The unhappy reality is that those convicted jihadis and violent militants have made their choices. And, like all of us — they are and can be made no exception — they live in a world of consequences. They must live with the consequences of their own bad choices — so long as they cannot prove that they have been completely deradicalised.

There is no point in begging or seeking to cajole convicted jihadis to take the path of deradicalisation. They must choose it for themselves, and do so the hard way. They can be told that if they want to hold to their militant views, they are free to do so. That is their choice. But it may well mean that they will never leave goal. They must be simply left to contemplate that prospect. They must realise and come to understand that, if they do not want to remain in goal indefinitely, they must think seriously about themselves, their past, their choices, and their guiding commitments. And on that basis come, if they can, to a new understanding of themselves. They must completely reconfigure and reform their inner lives.

But, again, how can one ever tell and know when and if they have done so? Jihadis — not all Muslims but jihadis especially — are very adept at fudging. At dissimulation on such matters. More than that, when such finessing of the truth is done to serve Islam — to protect it from perceived harm or to promote its cause — this is for jihadis a pious and virtuous act. One known and doctrinally defended as taqiyya. So, can one ever be sure?
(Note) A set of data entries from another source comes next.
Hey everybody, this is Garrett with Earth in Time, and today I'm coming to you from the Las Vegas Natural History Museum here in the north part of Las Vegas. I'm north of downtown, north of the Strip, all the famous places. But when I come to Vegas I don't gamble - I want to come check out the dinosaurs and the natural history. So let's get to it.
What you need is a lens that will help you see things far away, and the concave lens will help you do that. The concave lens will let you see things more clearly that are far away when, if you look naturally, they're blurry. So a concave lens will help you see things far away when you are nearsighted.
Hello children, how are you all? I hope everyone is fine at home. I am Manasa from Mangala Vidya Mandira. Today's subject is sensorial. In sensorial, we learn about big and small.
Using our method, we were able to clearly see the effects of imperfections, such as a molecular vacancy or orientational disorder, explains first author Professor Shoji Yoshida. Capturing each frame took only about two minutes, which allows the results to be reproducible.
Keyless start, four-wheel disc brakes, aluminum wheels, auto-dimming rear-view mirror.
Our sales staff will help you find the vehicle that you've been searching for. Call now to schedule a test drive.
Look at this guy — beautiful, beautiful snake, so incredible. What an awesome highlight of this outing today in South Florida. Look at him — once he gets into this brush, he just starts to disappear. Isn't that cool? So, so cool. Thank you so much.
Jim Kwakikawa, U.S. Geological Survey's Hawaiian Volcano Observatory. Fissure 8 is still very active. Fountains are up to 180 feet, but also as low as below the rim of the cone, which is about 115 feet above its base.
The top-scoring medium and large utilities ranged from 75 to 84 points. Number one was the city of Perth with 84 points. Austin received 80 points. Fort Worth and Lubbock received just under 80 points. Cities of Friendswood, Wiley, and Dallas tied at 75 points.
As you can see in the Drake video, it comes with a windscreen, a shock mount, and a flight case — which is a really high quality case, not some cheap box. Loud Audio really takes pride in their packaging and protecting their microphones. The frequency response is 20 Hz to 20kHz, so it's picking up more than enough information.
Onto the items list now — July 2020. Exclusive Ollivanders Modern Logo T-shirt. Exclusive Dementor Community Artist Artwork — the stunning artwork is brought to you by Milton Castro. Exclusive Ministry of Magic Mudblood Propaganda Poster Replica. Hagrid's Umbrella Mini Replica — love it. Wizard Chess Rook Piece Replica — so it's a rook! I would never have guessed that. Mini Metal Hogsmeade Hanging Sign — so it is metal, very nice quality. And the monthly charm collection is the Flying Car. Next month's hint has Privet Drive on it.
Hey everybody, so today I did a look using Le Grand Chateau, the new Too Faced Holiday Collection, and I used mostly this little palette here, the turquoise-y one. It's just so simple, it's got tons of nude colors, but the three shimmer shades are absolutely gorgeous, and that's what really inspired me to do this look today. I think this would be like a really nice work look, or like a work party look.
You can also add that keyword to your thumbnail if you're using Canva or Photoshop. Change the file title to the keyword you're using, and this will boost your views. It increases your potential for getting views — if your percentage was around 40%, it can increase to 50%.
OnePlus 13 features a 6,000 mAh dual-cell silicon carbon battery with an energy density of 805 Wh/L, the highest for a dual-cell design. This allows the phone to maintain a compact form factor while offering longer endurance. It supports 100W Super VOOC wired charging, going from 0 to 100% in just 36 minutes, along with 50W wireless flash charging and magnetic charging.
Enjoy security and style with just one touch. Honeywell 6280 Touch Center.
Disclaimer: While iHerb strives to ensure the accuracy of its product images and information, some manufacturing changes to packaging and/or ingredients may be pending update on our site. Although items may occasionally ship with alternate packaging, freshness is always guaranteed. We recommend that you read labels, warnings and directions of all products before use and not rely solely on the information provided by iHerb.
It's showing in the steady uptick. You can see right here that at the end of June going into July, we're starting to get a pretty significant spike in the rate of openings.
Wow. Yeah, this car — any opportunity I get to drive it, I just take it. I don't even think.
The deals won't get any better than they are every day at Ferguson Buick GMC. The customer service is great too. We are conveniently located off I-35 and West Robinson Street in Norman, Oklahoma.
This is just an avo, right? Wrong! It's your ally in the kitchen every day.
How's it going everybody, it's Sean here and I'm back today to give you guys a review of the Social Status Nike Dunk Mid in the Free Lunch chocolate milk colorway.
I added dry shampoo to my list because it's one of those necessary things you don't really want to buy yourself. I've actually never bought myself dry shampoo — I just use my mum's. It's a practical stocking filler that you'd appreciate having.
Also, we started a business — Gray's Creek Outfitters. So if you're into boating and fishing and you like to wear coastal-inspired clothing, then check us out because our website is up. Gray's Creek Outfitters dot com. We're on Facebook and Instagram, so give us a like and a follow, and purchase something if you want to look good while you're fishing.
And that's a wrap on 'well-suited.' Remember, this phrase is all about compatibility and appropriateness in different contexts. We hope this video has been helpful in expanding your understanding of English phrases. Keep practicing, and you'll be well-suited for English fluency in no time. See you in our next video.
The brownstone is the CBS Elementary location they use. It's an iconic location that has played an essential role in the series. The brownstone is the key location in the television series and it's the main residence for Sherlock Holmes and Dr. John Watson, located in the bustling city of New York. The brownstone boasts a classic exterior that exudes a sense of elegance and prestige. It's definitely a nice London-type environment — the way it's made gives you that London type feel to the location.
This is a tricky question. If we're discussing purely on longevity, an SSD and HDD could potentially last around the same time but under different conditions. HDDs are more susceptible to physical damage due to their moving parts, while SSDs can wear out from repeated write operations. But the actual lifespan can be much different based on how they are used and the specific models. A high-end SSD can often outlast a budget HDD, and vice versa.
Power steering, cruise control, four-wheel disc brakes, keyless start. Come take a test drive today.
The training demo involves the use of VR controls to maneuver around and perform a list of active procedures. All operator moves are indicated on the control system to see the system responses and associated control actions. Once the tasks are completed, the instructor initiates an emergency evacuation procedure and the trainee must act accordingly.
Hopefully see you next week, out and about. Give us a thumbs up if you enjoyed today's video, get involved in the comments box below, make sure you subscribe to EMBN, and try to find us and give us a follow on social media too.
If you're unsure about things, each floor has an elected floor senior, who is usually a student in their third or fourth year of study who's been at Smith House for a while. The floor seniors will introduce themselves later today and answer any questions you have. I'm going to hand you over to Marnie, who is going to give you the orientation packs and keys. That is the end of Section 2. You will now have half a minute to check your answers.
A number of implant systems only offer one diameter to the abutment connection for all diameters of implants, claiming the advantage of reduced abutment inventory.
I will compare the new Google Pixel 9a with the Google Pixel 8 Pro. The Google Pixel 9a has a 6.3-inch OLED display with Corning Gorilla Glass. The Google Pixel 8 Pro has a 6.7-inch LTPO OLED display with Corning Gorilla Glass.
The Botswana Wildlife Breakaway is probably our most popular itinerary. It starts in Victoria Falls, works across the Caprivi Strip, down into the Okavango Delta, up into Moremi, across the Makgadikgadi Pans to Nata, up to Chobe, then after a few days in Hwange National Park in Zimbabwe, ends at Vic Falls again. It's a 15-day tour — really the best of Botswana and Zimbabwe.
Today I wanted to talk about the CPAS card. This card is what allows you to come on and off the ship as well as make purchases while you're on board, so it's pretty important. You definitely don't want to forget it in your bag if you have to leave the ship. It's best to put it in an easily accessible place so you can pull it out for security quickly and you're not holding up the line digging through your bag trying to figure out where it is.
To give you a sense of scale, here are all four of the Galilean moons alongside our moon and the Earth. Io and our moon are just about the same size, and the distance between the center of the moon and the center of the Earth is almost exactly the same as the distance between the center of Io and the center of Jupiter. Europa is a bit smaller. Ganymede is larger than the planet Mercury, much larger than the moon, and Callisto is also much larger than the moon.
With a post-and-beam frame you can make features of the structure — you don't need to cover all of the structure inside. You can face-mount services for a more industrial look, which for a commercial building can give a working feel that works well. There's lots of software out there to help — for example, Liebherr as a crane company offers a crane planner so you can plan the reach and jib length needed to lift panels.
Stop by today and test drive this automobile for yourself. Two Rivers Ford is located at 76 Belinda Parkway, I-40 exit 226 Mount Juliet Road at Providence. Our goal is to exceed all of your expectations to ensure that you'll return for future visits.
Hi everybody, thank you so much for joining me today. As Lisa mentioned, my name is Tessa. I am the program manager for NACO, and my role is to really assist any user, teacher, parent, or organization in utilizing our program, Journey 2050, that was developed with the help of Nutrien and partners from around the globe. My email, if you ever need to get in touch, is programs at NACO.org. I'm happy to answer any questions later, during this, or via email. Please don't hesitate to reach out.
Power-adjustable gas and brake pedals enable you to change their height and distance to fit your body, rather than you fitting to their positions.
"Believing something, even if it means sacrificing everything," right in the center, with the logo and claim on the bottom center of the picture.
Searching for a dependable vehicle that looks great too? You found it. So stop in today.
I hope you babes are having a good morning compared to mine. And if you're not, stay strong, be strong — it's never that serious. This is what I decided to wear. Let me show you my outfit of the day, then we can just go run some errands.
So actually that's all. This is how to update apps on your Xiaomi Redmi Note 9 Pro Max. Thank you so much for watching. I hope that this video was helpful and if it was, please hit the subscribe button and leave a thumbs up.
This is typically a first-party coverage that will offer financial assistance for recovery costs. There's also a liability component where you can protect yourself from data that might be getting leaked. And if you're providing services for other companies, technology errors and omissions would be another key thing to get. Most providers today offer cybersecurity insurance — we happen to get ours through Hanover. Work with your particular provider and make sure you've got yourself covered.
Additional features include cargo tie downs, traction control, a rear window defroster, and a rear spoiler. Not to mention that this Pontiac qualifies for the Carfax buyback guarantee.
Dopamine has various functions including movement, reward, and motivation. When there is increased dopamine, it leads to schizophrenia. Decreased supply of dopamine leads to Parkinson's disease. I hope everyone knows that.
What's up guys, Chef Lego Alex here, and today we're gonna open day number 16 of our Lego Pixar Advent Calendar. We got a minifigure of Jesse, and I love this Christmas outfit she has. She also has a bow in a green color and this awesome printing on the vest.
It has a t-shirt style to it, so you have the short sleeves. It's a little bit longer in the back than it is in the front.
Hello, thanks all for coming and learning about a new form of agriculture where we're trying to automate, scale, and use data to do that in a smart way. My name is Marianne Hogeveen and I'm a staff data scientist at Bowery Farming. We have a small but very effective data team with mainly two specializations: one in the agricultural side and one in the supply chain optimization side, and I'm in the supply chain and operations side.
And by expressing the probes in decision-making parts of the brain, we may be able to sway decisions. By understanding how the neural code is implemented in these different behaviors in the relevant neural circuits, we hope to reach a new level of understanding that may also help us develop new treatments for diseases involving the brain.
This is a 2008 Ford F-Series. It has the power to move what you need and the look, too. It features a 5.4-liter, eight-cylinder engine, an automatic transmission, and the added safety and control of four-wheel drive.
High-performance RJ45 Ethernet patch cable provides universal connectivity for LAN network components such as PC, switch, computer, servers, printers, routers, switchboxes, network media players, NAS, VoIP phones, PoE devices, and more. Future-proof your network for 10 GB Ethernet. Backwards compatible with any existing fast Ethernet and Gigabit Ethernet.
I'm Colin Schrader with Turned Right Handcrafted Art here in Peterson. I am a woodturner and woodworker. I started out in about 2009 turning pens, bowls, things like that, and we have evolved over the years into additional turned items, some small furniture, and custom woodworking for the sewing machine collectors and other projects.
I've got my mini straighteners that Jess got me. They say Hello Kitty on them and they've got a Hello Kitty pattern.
Really sure? Rarely.

More, just as there is “buyer’s remorse”— when one comes to regret the money spent on some luxury or indulgence — there can also be “freed jihadi’s remorse”. This can take hold when, under changed circumstances and in a different and more relaxed and permissive social setting than goal, a less than fully or successfully reformed militant comes to regret the concessions or “character conversion” that they accepted, perhaps sincerely at the time — just like the psychologically captive consumer who at the time really and truly wants that desirable personal object — to secure their release.

In short, there should be no release of committed and convicted jihadis without convincing proof of personal reform. Without compelling evidence that they have turned their back upon their former evil way, totally and definitively.

Clive Kessler is Emeritus Professor of Sociology and Anthropology at the University of New South Wales, Sydney. He has been researching and writing about militant Islam, especially in Southeast Asia, since the 1960s.